Wie hoch ist die Lebensdauer eines Drehstrom Asynchronmotors, welcher mit Nennbelastung, oder weniger gefahren wird. Das ganze über einen FU (MoviMot).
Ist mir etwas zu peinlich damit bei SEW an zu rufen ;-)

eigentlich können ja nur die Lager oder das Getriebe verschleissen, oder was denkt Ihr?


----------



## SPS-Fuzzi (9 Februar 2009)

Hallo jackjones, 

standardmäßig geht man von 20.000 h aus, wenn der Motor nur bei der angegebenen Umgebungstemperatur eingesetzt wird (im Normalfall bis 40°C). 

Gruß SPS-Fuzzi


----------



## jackjones (9 Februar 2009)

Hallo, und vielen Dank für deine Aussage! Hilft mir weiter!
Schönen Feierabend


----------



## MSB (9 Februar 2009)

ca. 2,5 Jahre Dauerbetrieb finde ich aber eine sehr pessimistische Sichtweise...


----------



## SPS-Fuzzi (10 Februar 2009)

Hallo !

Das hat mit Pessimismus nichts zu tun, bei der Komponentenauslegung (Lager, Wellendichtringe, Kunststoffe, ...) müssen alle eingesetzten Komponenten eben rein rechnerisch mindestens 20.000h halten. 

Dies trifft natürlich nur für Katalogantriebe zu, im Einzelfall können selbstverständlich durch Wahl besserer Komponenten wesentlich höhere Betriebsdauern erreicht werden. 

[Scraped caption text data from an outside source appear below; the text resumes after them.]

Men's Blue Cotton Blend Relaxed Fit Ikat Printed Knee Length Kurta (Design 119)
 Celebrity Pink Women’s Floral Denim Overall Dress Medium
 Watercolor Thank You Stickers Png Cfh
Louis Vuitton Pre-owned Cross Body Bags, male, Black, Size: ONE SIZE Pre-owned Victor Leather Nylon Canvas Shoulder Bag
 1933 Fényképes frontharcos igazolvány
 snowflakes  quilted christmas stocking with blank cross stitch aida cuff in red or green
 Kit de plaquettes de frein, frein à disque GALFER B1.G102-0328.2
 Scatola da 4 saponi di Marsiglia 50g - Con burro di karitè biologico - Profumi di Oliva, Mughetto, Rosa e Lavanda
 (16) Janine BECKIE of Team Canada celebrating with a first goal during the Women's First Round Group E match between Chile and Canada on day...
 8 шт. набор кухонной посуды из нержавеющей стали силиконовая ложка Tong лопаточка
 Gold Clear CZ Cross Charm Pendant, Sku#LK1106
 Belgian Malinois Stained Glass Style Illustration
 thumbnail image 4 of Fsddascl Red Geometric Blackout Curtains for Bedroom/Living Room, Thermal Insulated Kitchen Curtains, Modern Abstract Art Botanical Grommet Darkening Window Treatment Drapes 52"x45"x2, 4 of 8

Und es ist ja auch nicht so, dass ein Kugellager ausfällt, wenn 20.001 h erreicht sind, da sind logischerweise überall noch Sicherheiten eingeplant. Und so verwundert es auch nicht, wenn Motoren mit errechneter Betriebsdauer 20.000h dann mal 8 oder 10 Jahre Dauerbetrieb durchstehen. Ich weiss das aber auch nur weil ich bei einem Motoren- und Getriebehersteller beschäftigt war. 

Gruß SPS-Fuzzi


----------



## Superkater (10 Februar 2009)

Hallo,
wenn die Async-Motoren ca. 20% unter dem Nennlastwert ausgelegt sind und die Umgebungstemperatur nicht über 40 Cel liegt, dann sind bei SEW meist nur die Lager der Bauteil mit den kürzesten Lebensstunden.

Wir haben Lager mit hunderten SEW Async Motoren ausgerüstet, und die laufen noch nach 15 Jahren im 2 Schichtbetrieb.

Bei billigen italienischen Motoren sieht das ganze anders aus. die sterben bei uns schon in der Garantiezeit nach 2 Jahren. Deswegen schwenken wir jetzt wieder zu SEW zurück.

Gruß aus Graz


----------